Saturday, January 9, 2010: 3:10 PM
Marina Ballroom Salon F (Marriott)
Michele Marion Strong , University of South Alabama, Mobile, AL
When Charlie Finger left London for Chile in 1890, joining a ship’s crew headed for Valparaiso, he left without a clear plan for what he wanted to do with his life.  But, he did know that wherever he might land (he jumped ship), he would likely find someone to help him secure work or assist him on his journey to new destinations.  This assurance derived from his membership at the Regent Street Polytechnic. An educational and social institution for London’s wage-earning youth, many reportedly from the “submerged tenth,” the Polytechnic trained its working-and-lower-middle-class students to exercise imperial power and deliberately fostered an institutional ethos and identity that encouraged thousands to occupy the British world as a right, as a duty, and as an opportunity to globalize the Polytechnic’s civilizing mission. Indeed, key to the perceived success of the Polytechnic’s civilizing mission were its networks of social and economic relations that sustained satisfying connections between “Poly boys” at home and abroad.
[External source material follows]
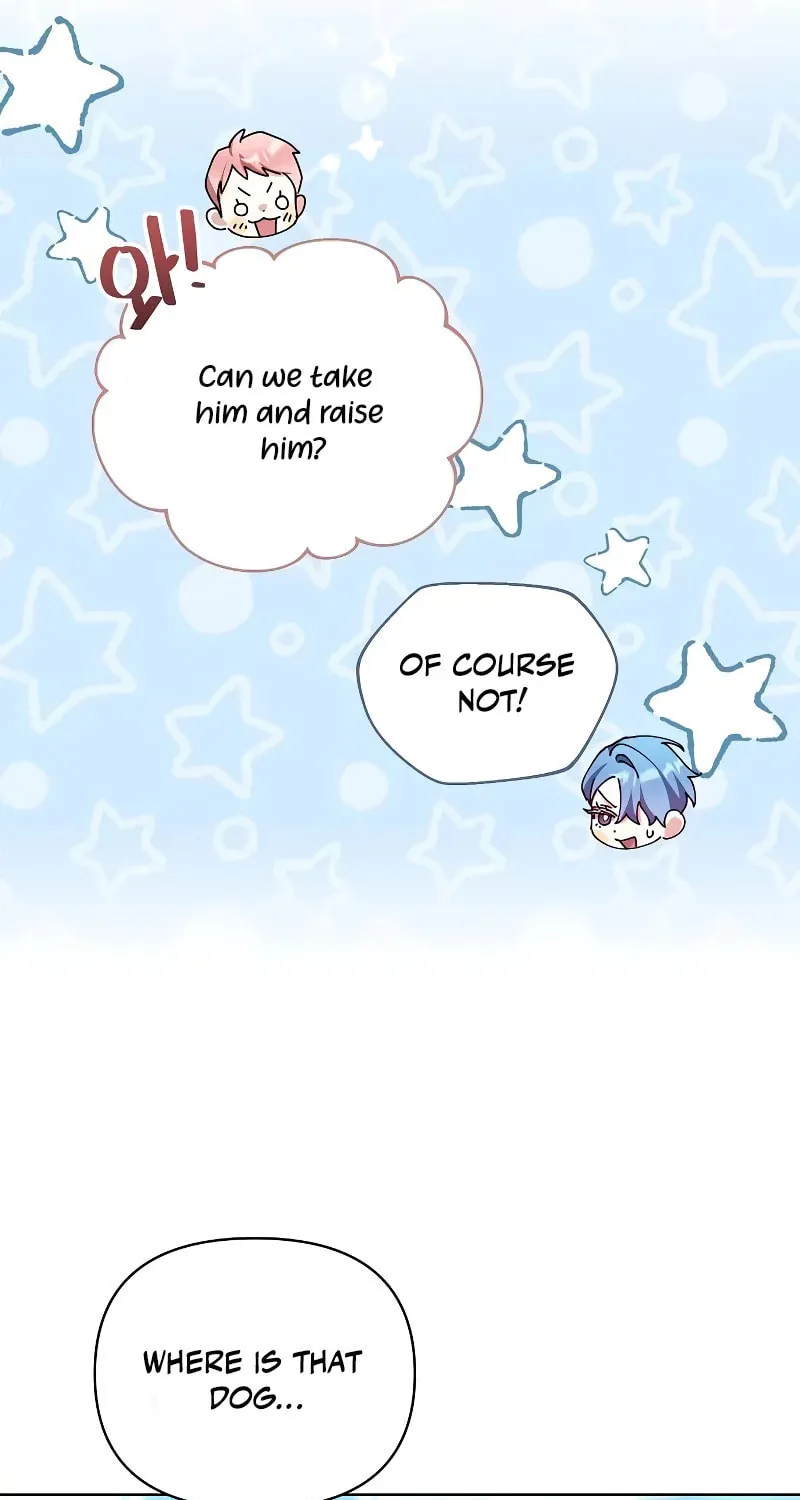 Adopted by a Murderous Duke Family Chapter 21 page 25 -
Finger could therefore count on meeting alumni in his travels, many of whom formed clusters dubbed “Poly colonies” in diverse locations, from Singapore to the Klondike.  As such, “Poly” networks provide an ideal vehicle for expanding the colony/metropolitan binary.  In refuting the contention that “ordinary Britons” were “indifferent” to empire, scholars of the “new imperial history” have emphasized the impact of the British Empire on the metropole.  The Polytechnic, however, allows us to examine the potential of networks to reshape practices and beliefs at multiple sites simultaneously.  Through an analysis of the Polytechnic Magazine, private letters, and diaries, this paper will explore the traffic of ideas and practices across localized clusters and with the metropole.  As this analysis will demonstrate, “Poly boys,” such as Charlie Finger, were anything but “indifferent” to the webs of empire.